[Data block]:
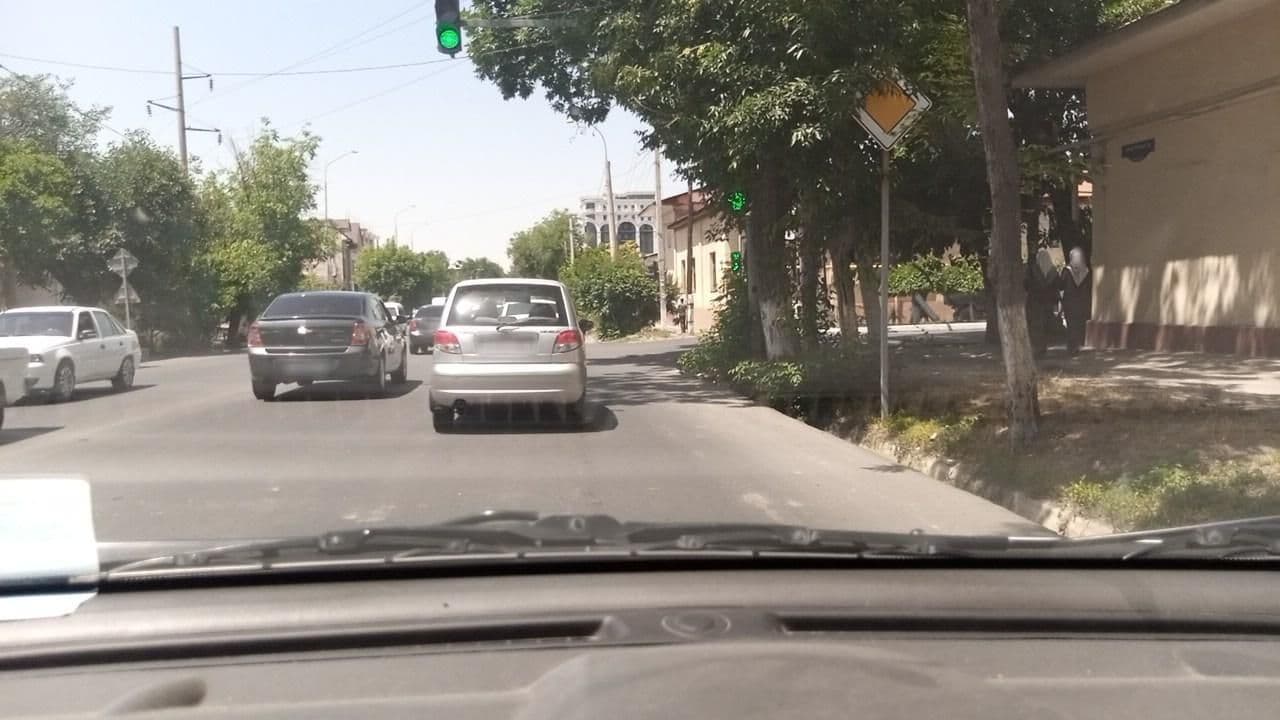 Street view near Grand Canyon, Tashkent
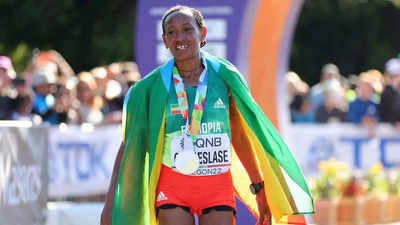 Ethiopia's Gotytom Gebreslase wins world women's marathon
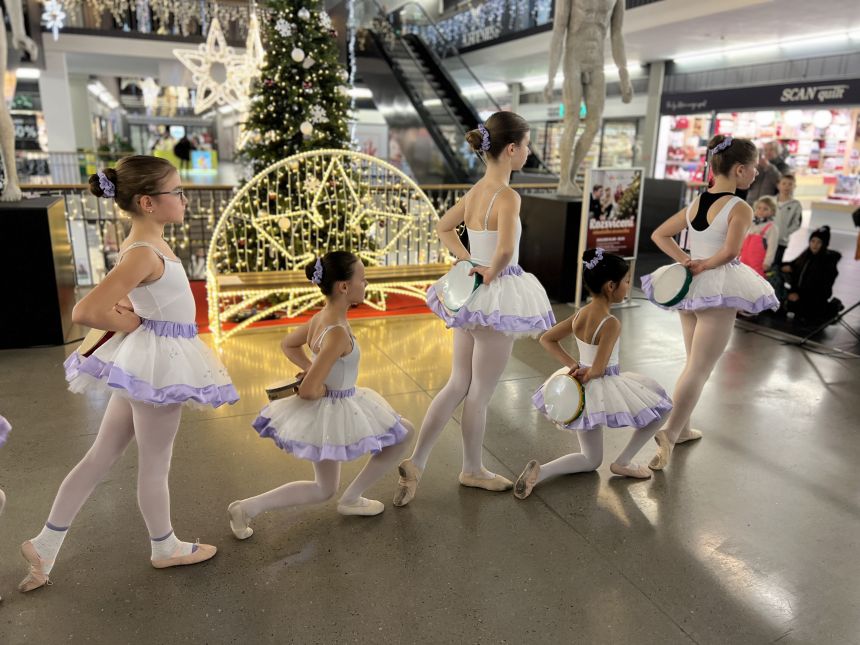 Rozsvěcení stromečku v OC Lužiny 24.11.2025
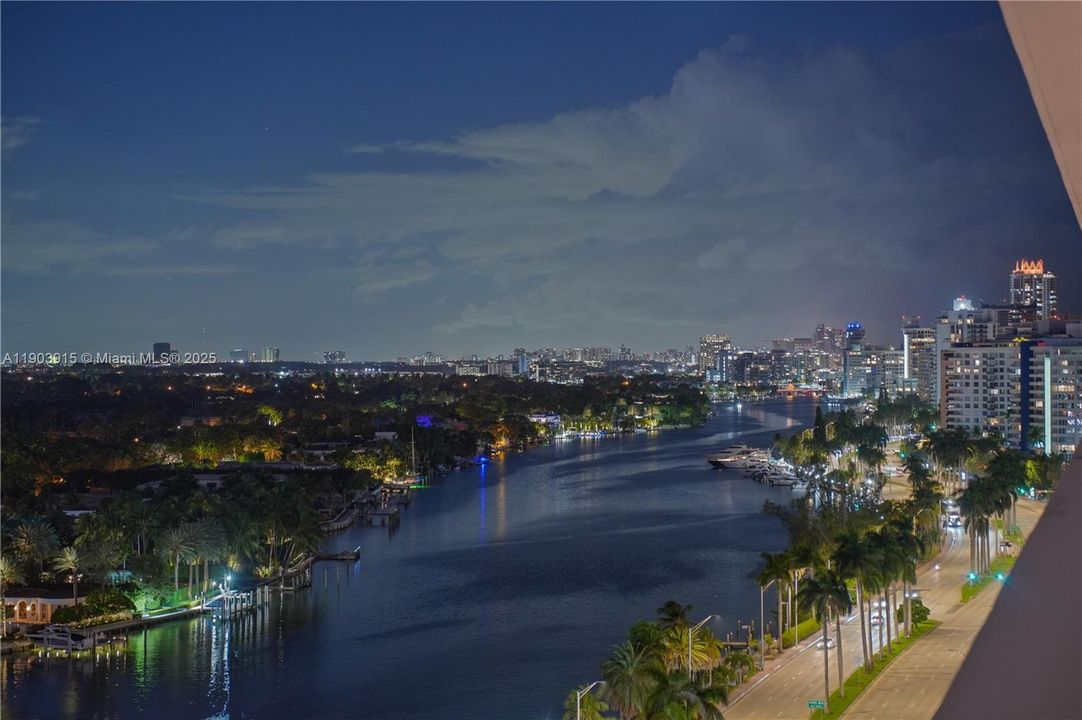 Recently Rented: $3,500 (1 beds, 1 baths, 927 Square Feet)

[Goal of the exercise]: The lines from the one containing "Ethiopia's Gotytom Gebreslase" to the end of the material must be output exactly, both ends included; no picture may appear.

[Reply]:
 Ethiopia's Gotytom Gebreslase wins world women's marathon
 Rozsvěcení stromečku v OC Lužiny 24.11.2025
 Recently Rented: $3,500 (1 beds, 1 baths, 927 Square Feet)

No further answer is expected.